→ **Activity**:
Print the lines that run from the line with "Friedrich August III" to the line with "Τρελό χρήμα σε Μέσι από Σίτι! (photos)", keeping both end lines, exactly as they appear in the entries below, and nothing else.

======== Input

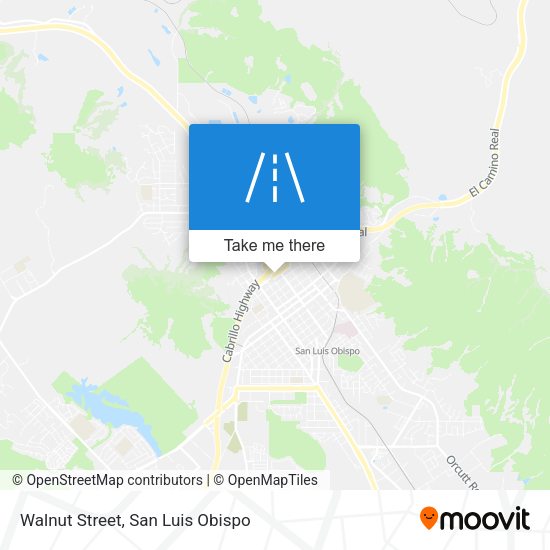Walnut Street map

================
======== Input

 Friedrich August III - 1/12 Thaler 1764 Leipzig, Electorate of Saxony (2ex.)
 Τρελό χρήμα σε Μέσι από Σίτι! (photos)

================

→ **Your solution**:
 Friedrich August III - 1/12 Thaler 1764 Leipzig, Electorate of Saxony (2ex.)
 Τρελό χρήμα σε Μέσι από Σίτι! (photos)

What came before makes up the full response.